Word for word, copy the data that follows and skip its pictures.

PROVIDED DATA:
■ ■ ■ ■ ■

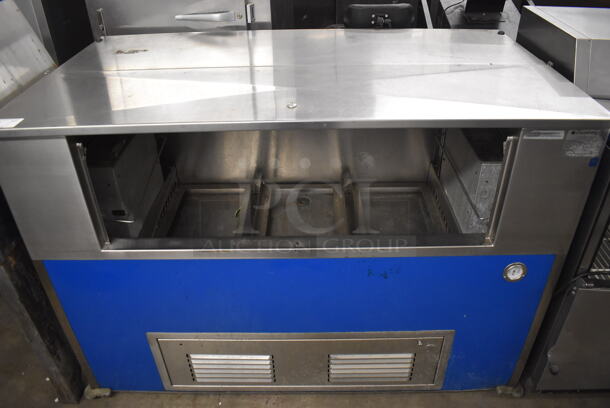 Colorpoint Stainless Steel Commercial Cooler. 120 Volts, 1 Phase. 61x34x43. Cannot Test Due To Missing Power Cord - Image 6 of 6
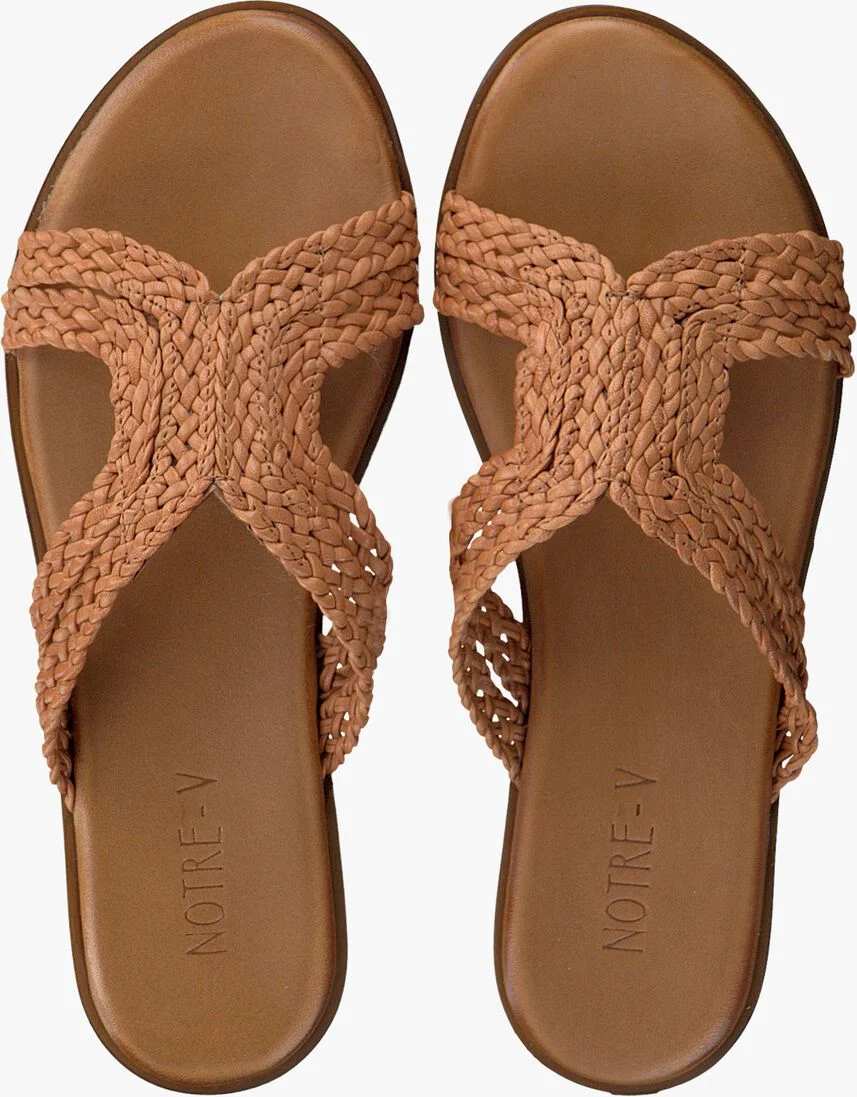 NOTRE-V cognac notre-v slippers 443033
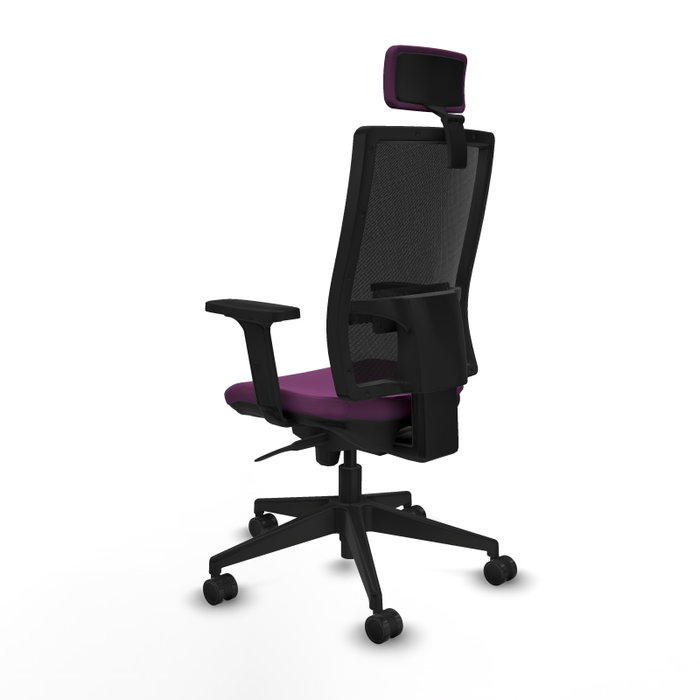 PIQUERAS Y CRESPO Silla de oficina Horna con Mecanismo Sincro, Morado y Negro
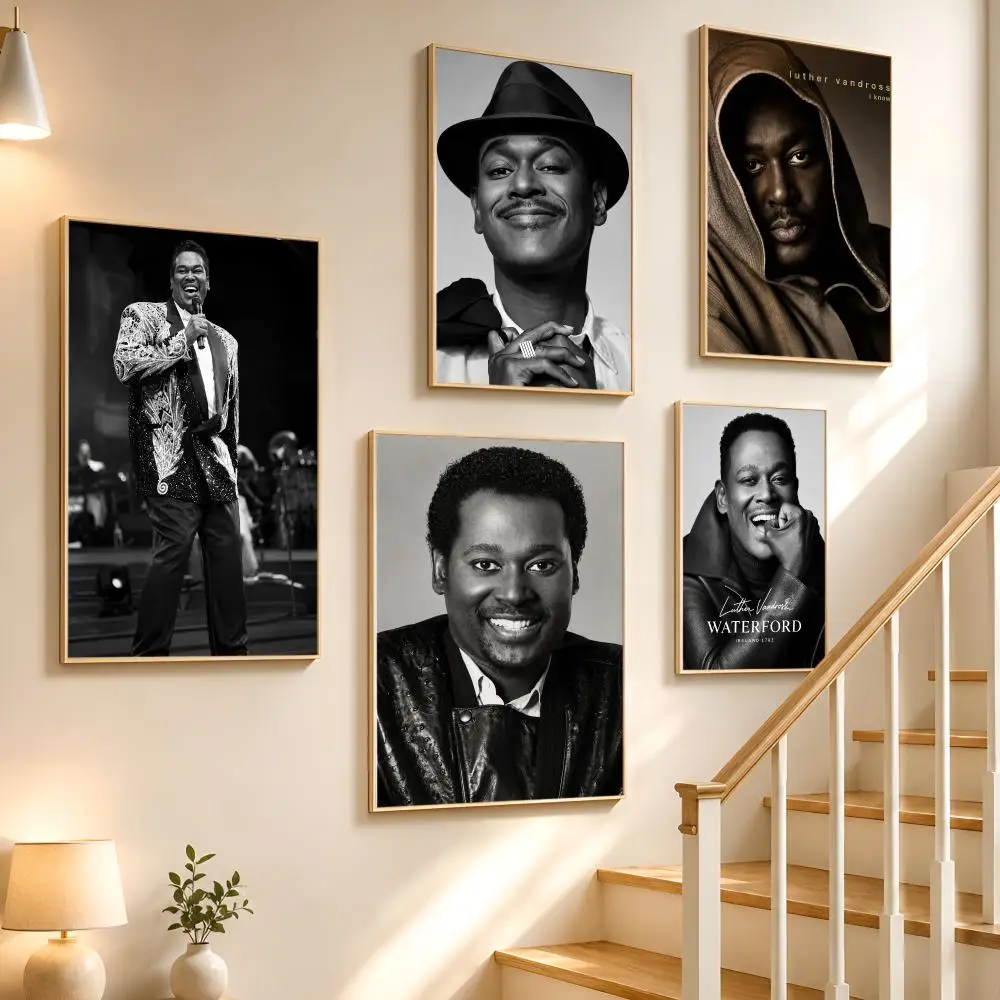 Music RNB Legendary Luther Vandross Poster High-definition waterproof stickers, suitable for home décor,holiday decorations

■ ■ ■ ■ ■

SOLUTION TO THIS TASK:
 Colorpoint Stainless Steel Commercial Cooler. 120 Volts, 1 Phase. 61x34x43. Cannot Test Due To Missing Power Cord - Image 6 of 6
 NOTRE-V cognac notre-v slippers 443033
 PIQUERAS Y CRESPO Silla de oficina Horna con Mecanismo Sincro, Morado y Negro
 Music RNB Legendary Luther Vandross Poster High-definition waterproof stickers, suitable for home décor,holiday decorations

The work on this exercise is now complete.